# Best Speaker/Music System/Home thearer in and around 10k



## AryaInk (Jul 4, 2013)

2.1 or 5.1 doesn't matter, sound reproduction should be good. Main usage is going to be Music, occasional Movies and Gaming. Computer Speaker system or Home theater, doesn't matter, but if its a home theater then it should have option to connect to a pc.
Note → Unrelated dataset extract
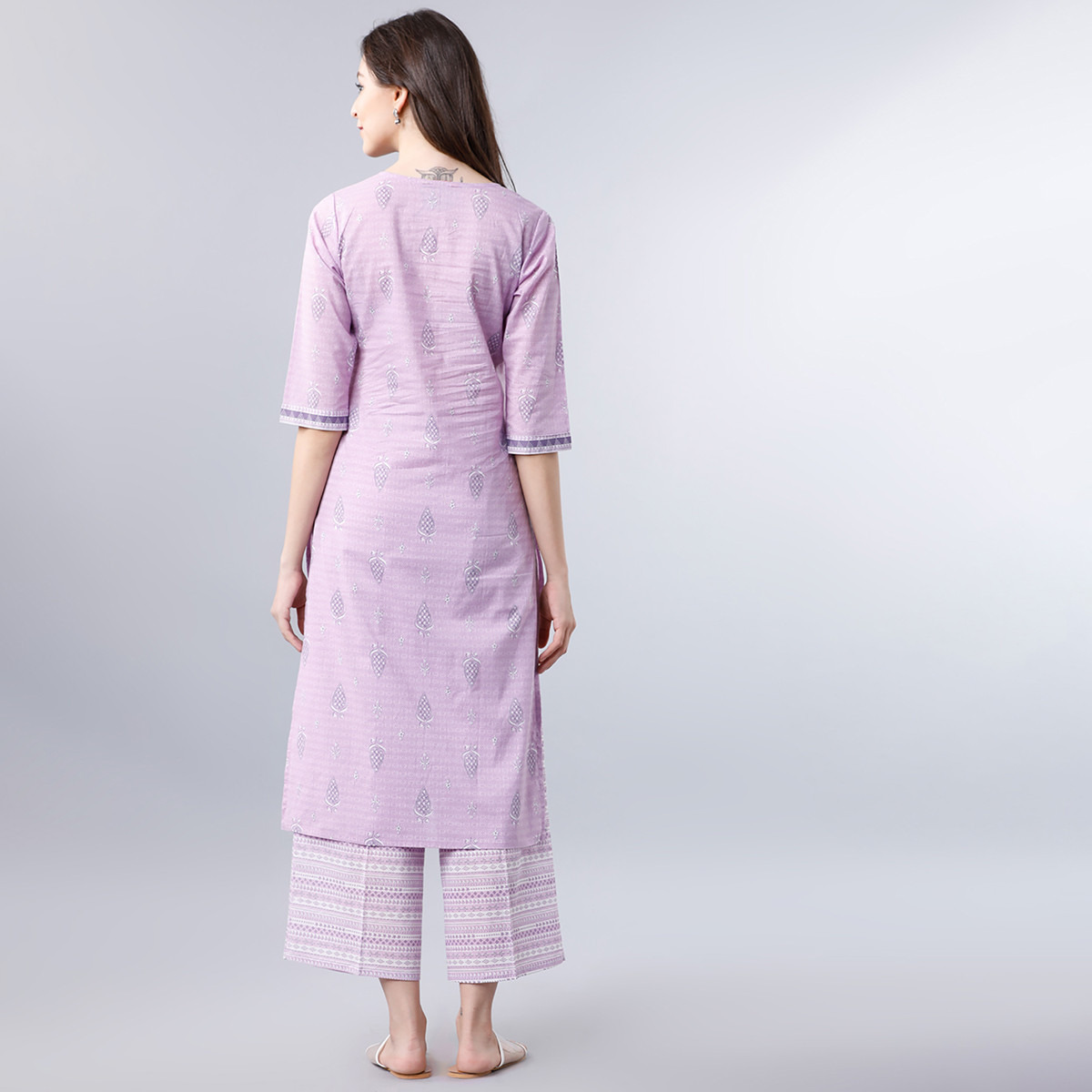 كورتا من فيشوده للنساء مطبوع برقبة محززة من المستقيم مع بنفسجي فاتح-women-clothing-ethnicwear-kurtas-image-3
Would love to have remote, but not necessary.

What you think are my options ?


----------



## Gollum (Jul 4, 2013)

do you want to buy a dvd player along too?


----------



## AryaInk (Jul 4, 2013)

Gollum said:


> do you want to buy a dvd player along too?


No, not really.


----------



## Gollum (Jul 4, 2013)

look for some thing like an Onkyo receiver +speaker combo
They sell the cheapest receivers that can include cost of receiver+speakrs-subwoofer to be about 20k


----------



## High-Fidelity (Jul 4, 2013)

If music is your primary thing so nothing comes close to Swan M10 in their price range.


----------



## AryaInk (Jul 4, 2013)

Gollum said:


> look for some thing like an Onkyo receiver +speaker combo
> They sell the cheapest receivers that can include cost of receiver+speakrs-subwoofer to be about 20k


I totally did not get what receiver+speakrs-subwoofer thing is , would I have to buy every thing separately ? Can you please be more specific and provide model names for a good combo ?



High-Fidelity said:


> If music is your primary thing so nothing comes close to Swan M10 in their price range.
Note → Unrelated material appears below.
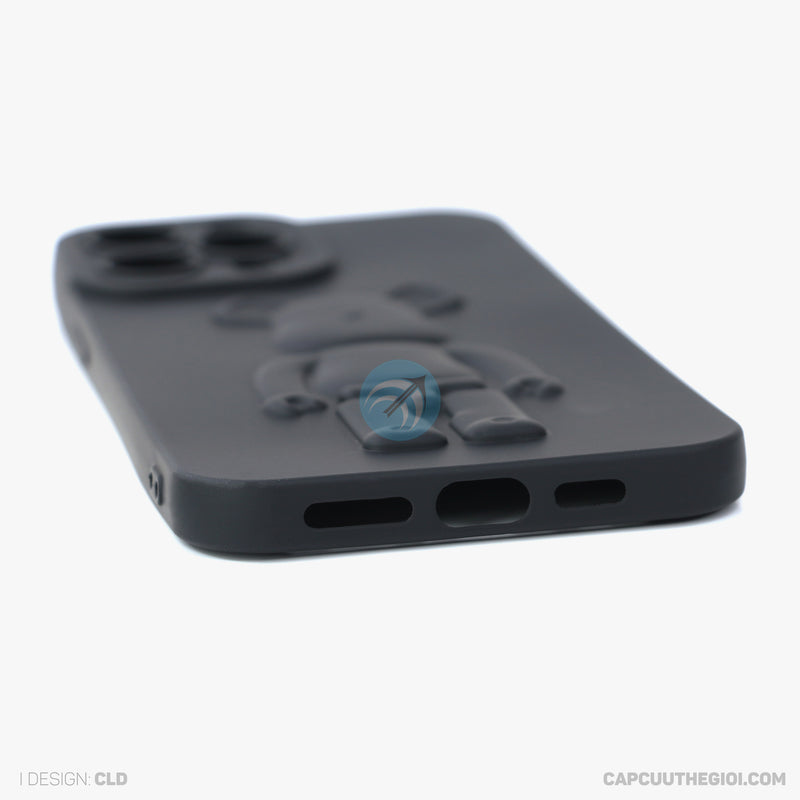 ỐP lưng IPHONE 13 PRO MAX hình nổi gấu đứng màu đen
I went through the few reviews and comparisons, and Swan M10 seems to be not favoured by people who like to listen to heavy Bass music and I am one of them 

How does, Edifier C3, DA5000 Pro, C6 fair against each other ?


----------



## High-Fidelity (Jul 4, 2013)

AryaInk said:


> I went through the few reviews and comparisons, and Swan M10 seems to be not favoured by people who like to listen to heavy Bass music and I am one of them
> 
> How does, Edifier C3, DA5000 Pro, C6 fair against each other ?
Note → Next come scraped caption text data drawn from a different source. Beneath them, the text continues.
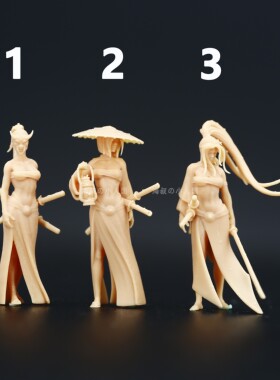 L225古风古装女侠古代女武士1/64人偶模型摆件手办树脂小人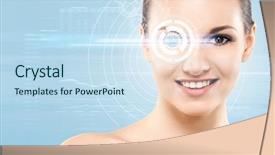  Presentation with blue laser - Amazing PPT theme having collage about eye scanning technology backdrop and a sky blue colored foreground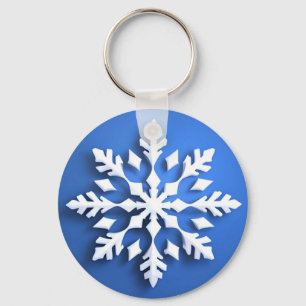 Porte-clés Charme élégant flocon de neige en cristal d'hiver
If bass is your primary thing in music so You should only go for Logitech speakers, preferably Logitech Z623.


----------



## AryaInk (Jul 4, 2013)

High-Fidelity said:


> If bass is your primary thing in music so You should only go for Logitech speakers, preferably Logitech Z623.


No, Bass is not the primary thing, but it is one important thing, can not base my decision on bass alone.

Let me list my preference of kind of music, not in any particular order

I listen a lot of :
Electronic
Dubstep
Rap
Edith Piaf
Country
Instrumental
Oldies, both English and Hindi, as back as 1920's
Nusrat Fateh Ali Khan
Bhajans

So I would prefer the system to reproduce fair enough sound in all these scenarios, not to forget Movies and Games occasionally.

Do you think Logitech Z623 still be the best ?


----------



## High-Fidelity (Jul 4, 2013)

Logitech Z623 has boomy, uncontrolled bass instead of tight, controlled and punchy bass which is needed for any music. I know you need the bass as well as bass quantity which is tight punchy and full of definition but sadly logitech Z623 is far from it to provide you. Edifier C3 will be having less bass than the Logitech Z623 but more bass than the Swan M10 but it's bass definition and overall sound quality as well as clarity, instrument separation is inferior to Swan M10. Swan M10 is also better than the bose, jbl powered speaker. So now if you can spend 20k around so Swan M50W is the best bet which has the same sound as Swan M10 + more bass output.


----------



## The Incinerator (Jul 4, 2013)

DNM AV-499FM/Norge 1515 + Norge Md.75 Speakers.


----------



## AryaInk (Jul 5, 2013)

Thanks a lot guys, got Edifier C3


----------



## The Incinerator (Jul 6, 2013)

Congrats!


----------